To provide normative data and establish percentile curves for long-course (50 m pool length) swimming events and to compare progression of race times longitudinally for the various swimming strokes and race distances.

DESIGN

Descriptive approach with longitudinal tracking of performance data.

METHODS

A total of 2,884,783 race results were collected from which 169,194 annual best times from early junior to elite age were extracted. To account for drop-outs during adolescence, only swimmers still competing at age of peak performance (21-26 years) were included and analyzed retrospectively. Percentiles were established with z-scores around the median and the Lambda-Mu-Sigma (LMS) method applied to account for potential skewness.

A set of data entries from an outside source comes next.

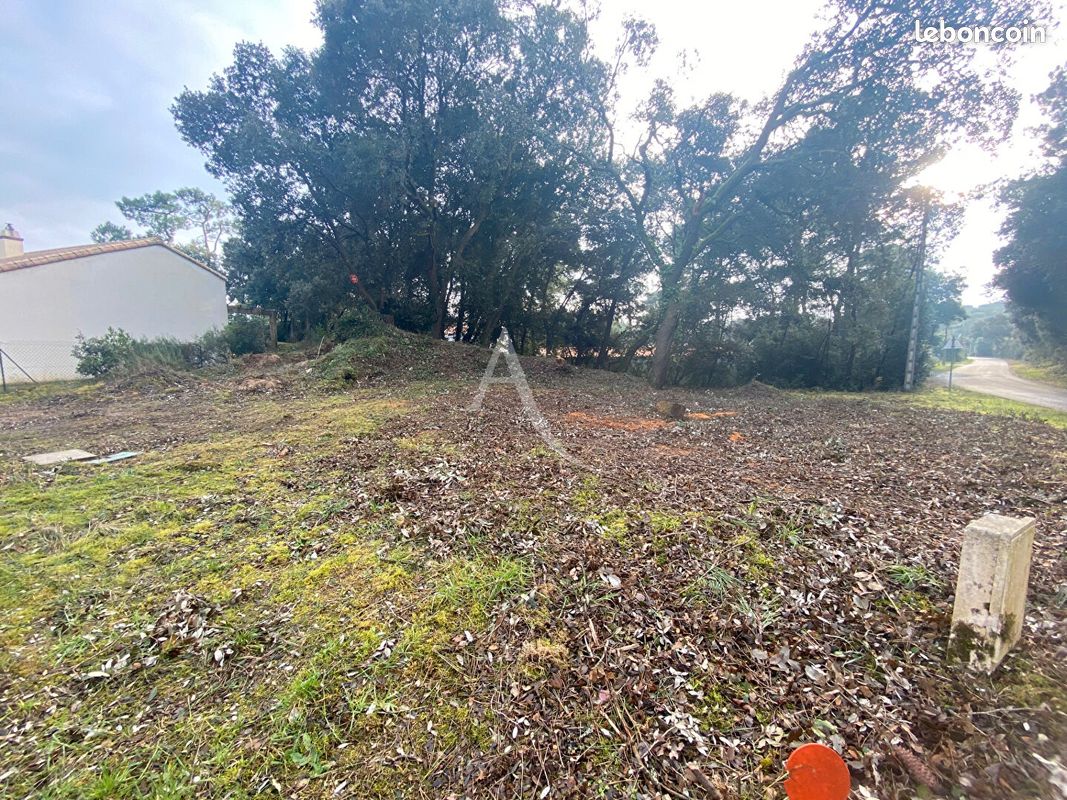 Terrain 723 m² LA TRANCHE SUR MER · à La Tranche-sur-Mer · 175 800 €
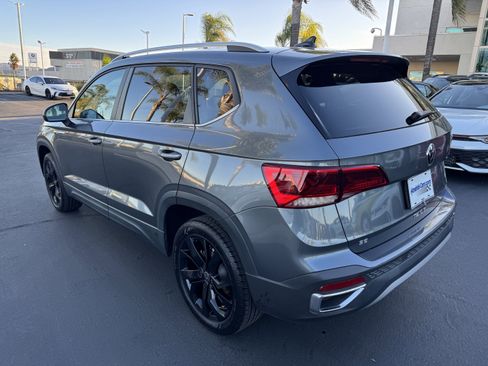 Used 2022 Volkswagen Taos SE image 8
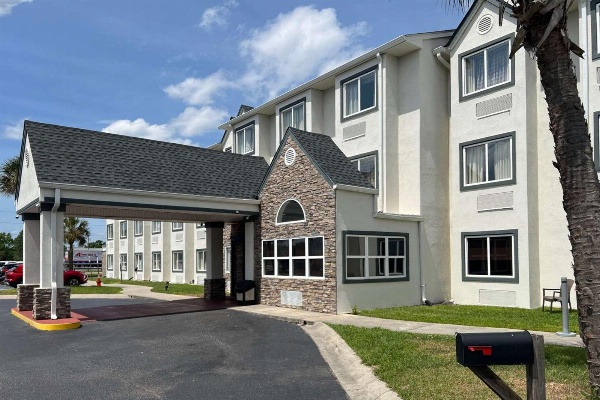 Quality Inn & Suites image 3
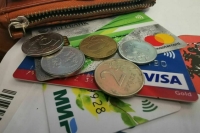 Лимиты на число банковских карт могут начать действовать с декабря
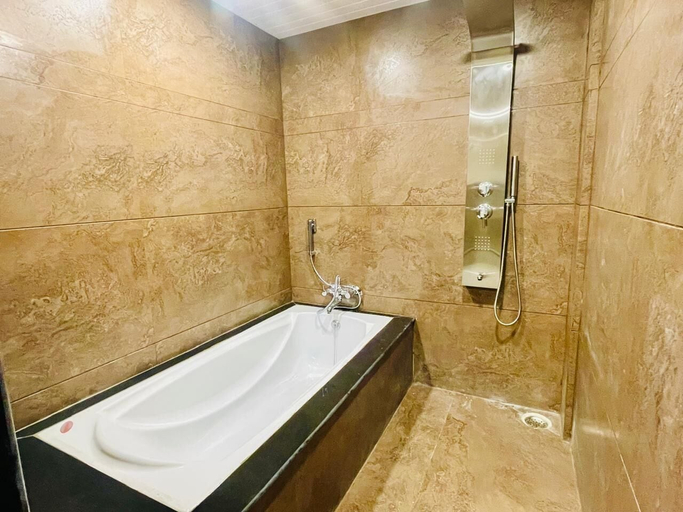 Bathroom 2, Hotel Cosmos, Khordha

A two-way analysis of variance (ANOVA) with repeated measure and between-subject factor was applied to compare race times across the various events and age groups.

RESULTS

Percentile curves were established based on longitudinal tracking of race times specific to sex, swimming stroke, and race distance. Comparing performance progression, race times of freestyle sprint events showed an early plateau with no further significant improvement (p > 0.05) after late junior age (15-17 years). However, the longer the race distance, the later the race times plateaued (p < 0.05). Female swimmers generally showed an earlier performance plateau than males. Backstroke and freestyle showed an earlier performance plateau compared to the other swimming strokes (p < 0.05).

CONCLUSIONS

Performance progression varied between sex, swimming strokes, and race distances. Percentile curves based on longitudinal tracking may allow an objective assessment of swimming performance, help discover individual potentials, and facilitate realistic goal setting for talent development.